Bernard Adamus ne cache pas que l'enregistrement de No2 s'est fait sous grande pression. «J'étais bien plus nerveux. Cela n'a aucune commune mesure avec le premier album, lance-t-il. Pour Brun, on s'en foutait, on ne pensait à rien.»

L'auteur-compositeur est entré en studio avec la même intégrité, mais avec un tout autre CV. Comme dirait le principal intéressé, «Monsieur Bernard Adamus a eu le malheur de faire pas mal d'affaires avec son petit disque». «Il y a eu des bons moments dans cet enregistrement-là, mais on ne se le cachera pas: il y avait des budgets et des deadlines

En studio, Adamus a refait équipe avec le réalisateur Éric Villeneuve dans le luxe du fameux Wild Studio de Saint-Zénon. Leur souci d'authenticité s'est traduit par un perfectionnisme de «maniaque mental». «On s'est battu contre le mix comme ça se peut pas, raconte Adamus. On a pris un studio qui a coûté des milliers de dollars, et je ne trouve pas qu'avec la musique naturelle que je fais, j'ai besoin de micros à 20 000 piasses [...] C'était concluant mentalement d'être enfermé loin de Montréal, mais au niveau du son, il y a des choses que je ne comprends pas encore dans le mix.»

Adamus avait une peur bleue que le son soit sourd. À l'écoute de No2, il n'en est rien. Ce sont plutôt les tourments, le désir et les sentiments exprimés sans aucune pudeur qui frappent. Adamus parle «des chemins du doute», de «son coeur à l'envers». Dans Les Obliques, Adamus s'en veut d'être en retard, de se lever tard. Avec une mélodie sensible et un doux trombone berçant, la pièce Le scotch goûte le vent est à nouer la gorge.

«Je ne sais pas si l'album est trop personnel, indique Adamus. Je me raconte beaucoup, plus que dans l'autre. J'ai hâte de voir ce que les gens vont en penser [...] Je sais que ce n'est pas très rose, ce que je raconte sur certaines chansons. Mais je suis content des images et des phrases dépouillées... Ça fait drôle de chanter ça devant du monde. C'est bizarre, mais qu'est-ce que tu veux que je fasse? C'est un beau défi. Il faut bien se péter la gueule un peu. Sinon, ça devient plate!»
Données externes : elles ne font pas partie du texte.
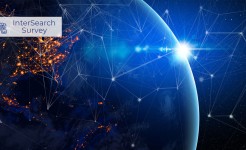 Global Board Survey 2024 – Boards in a Darwinistice Age Global Board Survey 2024 – Boards in a Darwinistice Age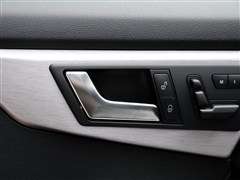 Y,YGLK(j),2012 GLK 300 4MATIC r(sh),܇Ό(sh)ĈDƬ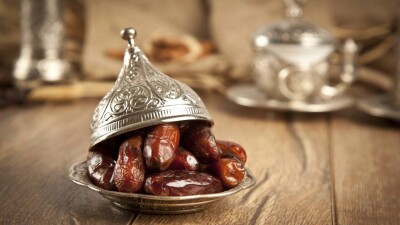 Ораза 2024: Підия садақасының мөлшері қандай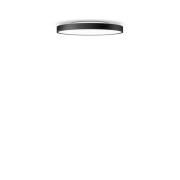 Serien Lighting - Slice² PI Plafondlamp Ø335 Black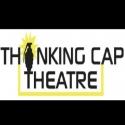 THE DRAWER BOY, WAAFRIKA and More Set for Thinking Cap Theatre's 2012-13 Season Video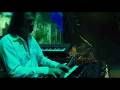 videos de Edda-Hűség és árulás (live)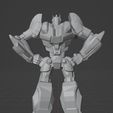 Zeta-Prime-FOC-2-pic-2.jpg Zeta Prime Fall of Cybertron Pose 2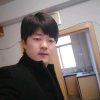 阿冰的头像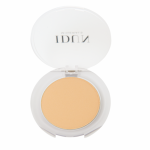 IDUN Minerals akių &scaron;e&scaron;ėlių pagrindas Nackros Nr. 4601, 2,8 g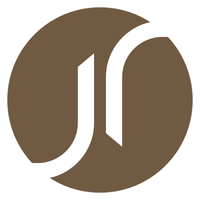 JR Embalam-1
En entrevue comme en chanson, Adamus est vrai. Peut-on le lui reprocher? «Il n'y a rien à regretter dans les tounes, mais dans ce que je fais dans la vie», dit le principal intéressé.

«Ploguer des affaires»

Dans No2, on suit Adamus dans ses soirées de doute, mais aussi dans ses virées festives. Le piano ragtime donne un souffle entraînant à Entre ici pis chez vous, alors que ses amies de Canailles l'accompagnent sur Arrange-toi avec ça.

«Il y avait une couple d'affaires que je voulais essayer. J'étais tanné d'être juste 100% acoustique, indique Adamus. J'aurais aimé essayer plus d'affaires électriques. Mais se ploguer pour se ploguer, c'est pas toujours pertinent.»

En spectacle, Adamus annonce «un son différent», avec Jérôme Dupuis-Cloutier au saxophone ou au clavier, Renaud Gratton ou Benoît Paradis au trombone et Sylvain Deslisle qui passe de la contrebasse à la batterie.

Pour Adamus, la tournée est un privilège. Et tant mieux si le succès et la pression viennent avec. «Je vis ça comme une bande dessinée, lance-t-il. Je ne sais pas, moi, ce que je fais là quand je vais à Pénélope McQuade avec du make-up dans la face. On est rendus là... Mais tout ça est positif: vaut mieux que le monde en parle que le monde n'en parle pas. C'est un beau problème à gérer.»